● **Task description**
Would you please return only the lines from the one with "Miu Miu glitter stud shoes size UK4" through the last line of the records below, leaving the pictures out?

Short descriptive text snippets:
━━━━━━
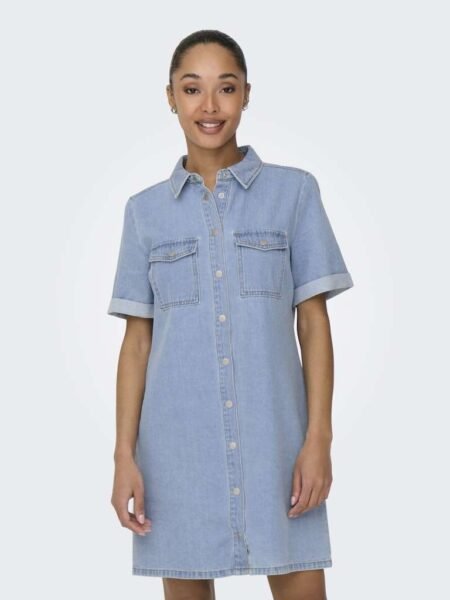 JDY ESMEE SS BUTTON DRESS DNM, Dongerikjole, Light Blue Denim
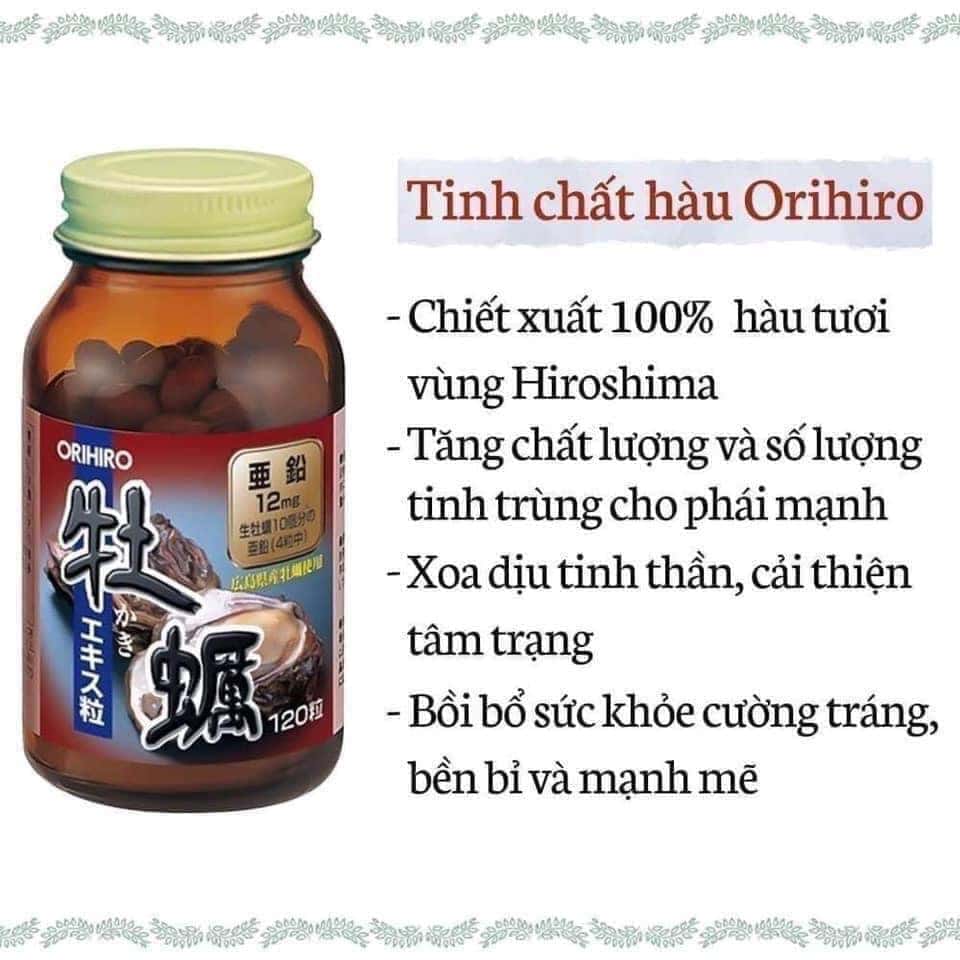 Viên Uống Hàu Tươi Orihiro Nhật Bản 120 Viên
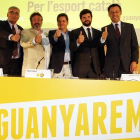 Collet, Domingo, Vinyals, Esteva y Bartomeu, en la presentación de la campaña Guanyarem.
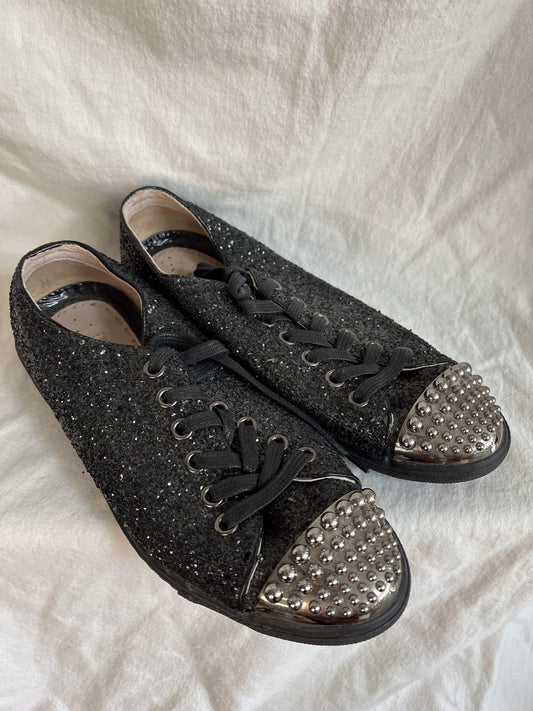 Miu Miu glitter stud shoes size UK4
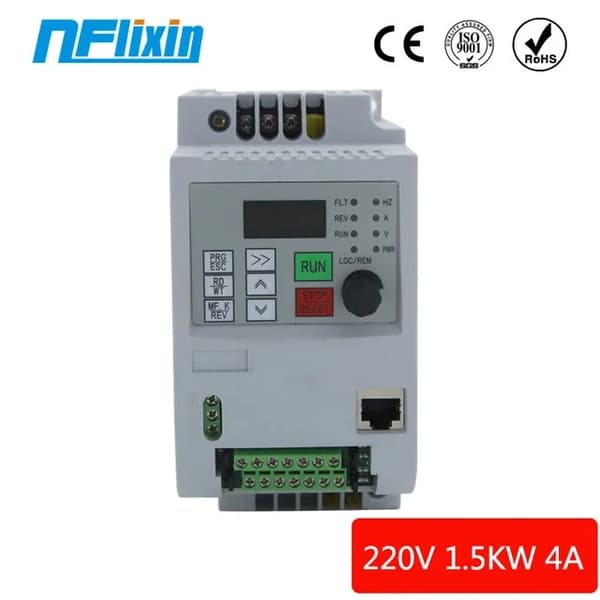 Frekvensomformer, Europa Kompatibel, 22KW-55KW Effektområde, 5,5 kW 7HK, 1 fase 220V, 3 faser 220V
━━━━━━
● **Response box**
 Miu Miu glitter stud shoes size UK4
 Frekvensomformer, Europa Kompatibel, 22KW-55KW Effektområde, 5,5 kW 7HK, 1 fase 220V, 3 faser 220V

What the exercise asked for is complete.